The cards displayed on the bookstore rack stopped me in my tracks. They shared a simple cover drawing -- a delicate yellow rose with a barbed-wire stem -- but their greetings suggested an unconventional audience:
"Sorry to Hear About Your Arrest."
"Money on Your Books."
I was struck by the bluntness of the messages inside: "Honestly, I never knew anyone who was arrested before," one read. Said another: "I know that I have not visited you. But I still care about you. . . . When are you getting out anyway??"
I stood with my daughter, reading them aloud and joking about the comic possibilities they provided: "Sorry about your arrest. I guess the shoot-out wasn't such a good idea." Or, "Too bad I can't hide a file in your cake. Happy Birthday anyway!"
It's easy to poke fun at the notion of Hallmark-like greetings for miscreants. But Terrye Cheathem didn't create Three Squares Greetings: For Those Who Can't Come Home as a joke.
"When I hear somebody laugh at them," Cheathem said, "I know that person hasn't gotten the telephone call, yet, saying their son or brother or nephew has been arrested."
Cheathem is a lawyer from a middle-class family. She grew up in Compton in the 1960s and '70s -- before the city's streets were considered a pipeline to the penitentiary -- studied psychology at Pepperdine and earned a degree from UC Hastings College of the Law.
She's spent plenty of time in courtrooms and jails, as a criminal defense attorney in private practice and as a legal advisor for the Los Angeles County Sheriff's Department.
But it was her brother-in-law's incarceration seven years ago that sparked her entrepreneurial vision. She was asked to write to him, but didn't know what to say. She browsed her local Hallmark store in Ladera Heights, but "everything was way too cheerful," she said.
She spent several years, and $30,000, researching, designing and promoting her two lines of Three Squares cards -- one for families and friends to send, and another to be sold in prison canteens to inmates who want to express thanks or confess regrets. . . or just apologize for embarrassing family and friends.
The cards were a big hit at a national convention of prison officials last summer.
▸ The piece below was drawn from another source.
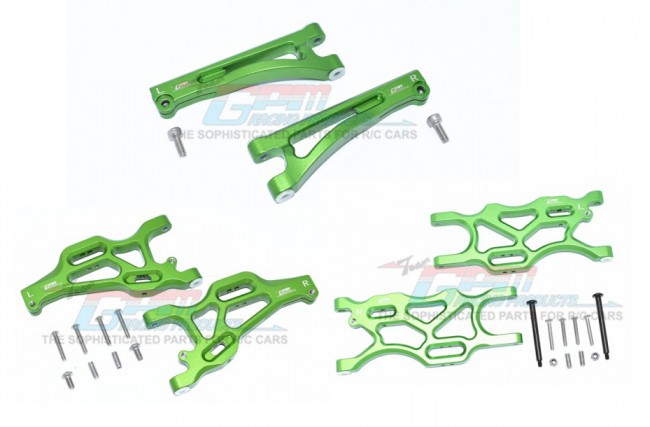 Gpm MAM0545556 Aluminium Front / Rear Upper & Lower Suspension Arm Set Arrma 1/7 Rc Ep 4wd Mojave 6s Blx Truck Green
Wardens appreciated their simplicity. No glitter or glue, no folding flaps or cutesy pop-ups that could hide contraband.
They have not been a hit with local merchants. Cheathem has made the rounds in South Los Angeles, but only two places have agreed to carry the cards -- Eso Won Books, where I spotted them, and a Copy Plus store on Slauson.
The owner of an Inglewood car wash refused to add them to her greeting card display, Cheathem said, because she worried it would play into stereotypes.
"She told me 'I'm just afraid that people will think they're only here because we're in Inglewood.' "
Ironically, Cheathem once was worried that someone would beat her to market with the idea, given the, shall we say, captive national audience of 2.2 million convicts and the friends and families they represent.
When Martha Stewart was locked up, Cheathem moaned, imagining that Stewart would emerge from prison with her own tasteful "Graybar Motel" line of cards.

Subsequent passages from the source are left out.